→ Required action: Drop the pictures and extract exactly the lines from the one that contains "Chattanooga Wireless Pro" through the end of the material.

*** The data Section Begins ***

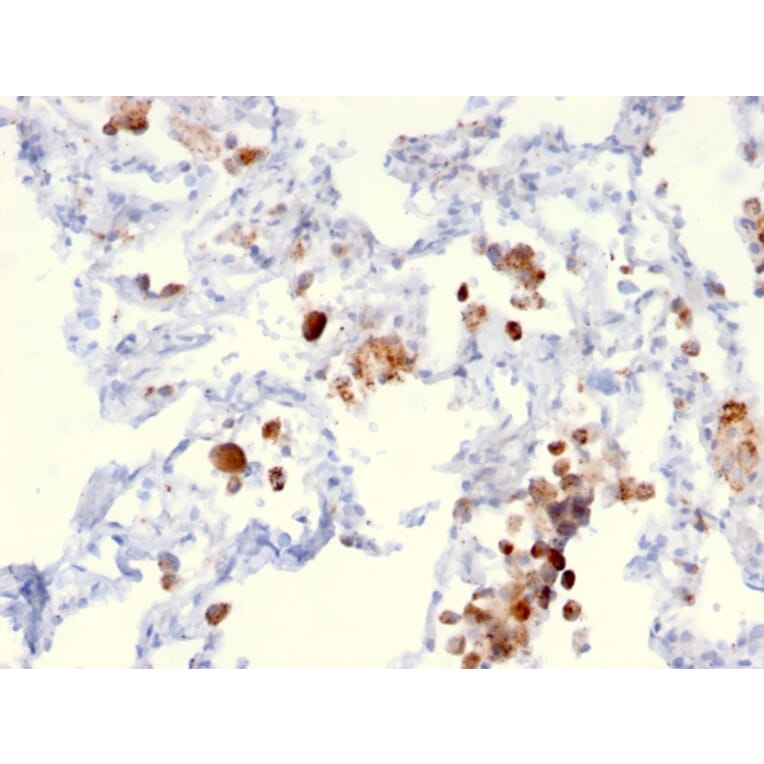 Immunohistochemistry - Anti-NAPSIN A Antibody [NAPSA/3306] - BSA and Azide free (A253852) - Antibodies.com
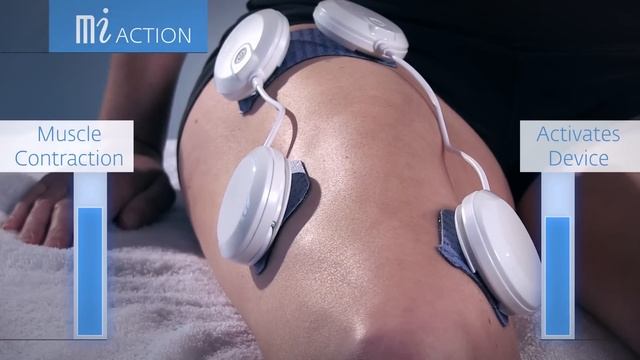 Chattanooga Wireless Pro - Product Video смотреть онлайн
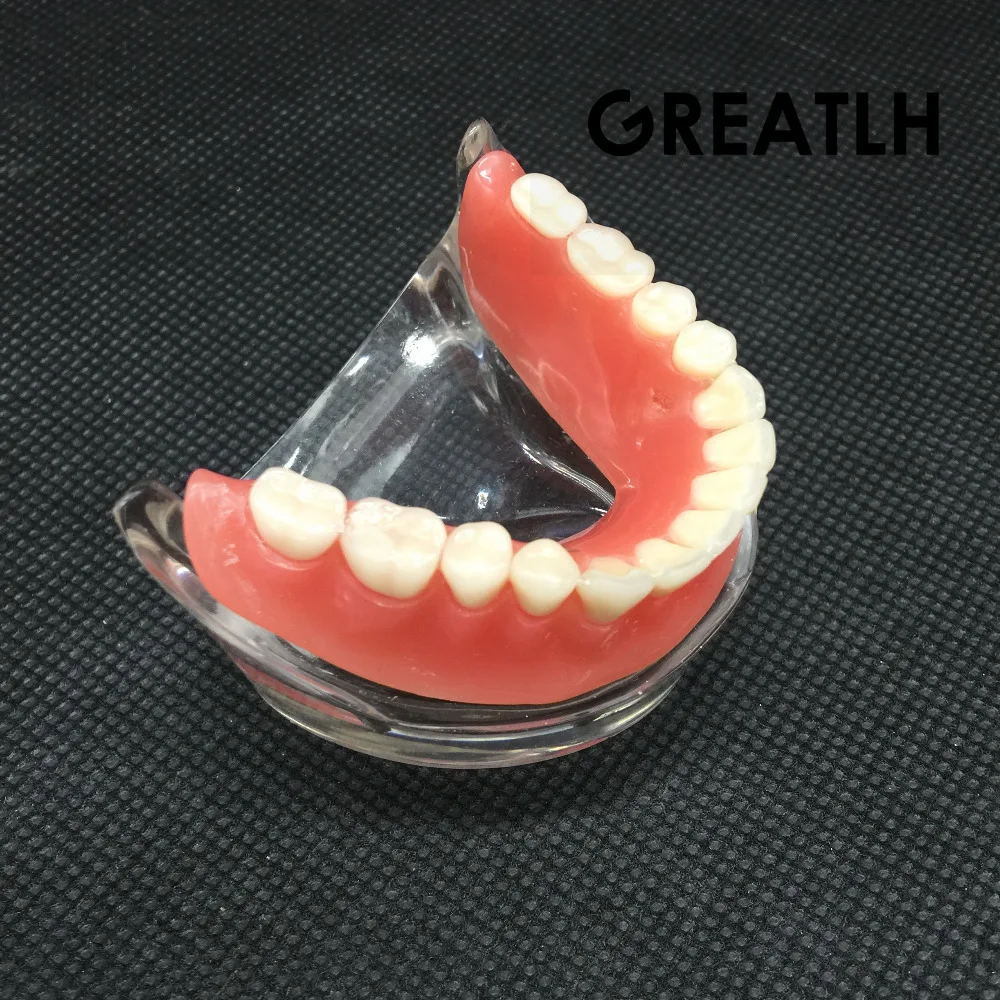 Зубные Overdenture Зубы Модель съемный интерьер нижние челюсти модель нижние челюсти с имплантатом для зуб обучения, изучения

*** The data Section Ends ***

→ Answer for the task:
 Chattanooga Wireless Pro - Product Video смотреть онлайн
 Зубные Overdenture Зубы Модель съемный интерьер нижние челюсти модель нижние челюсти с имплантатом для зуб обучения, изучения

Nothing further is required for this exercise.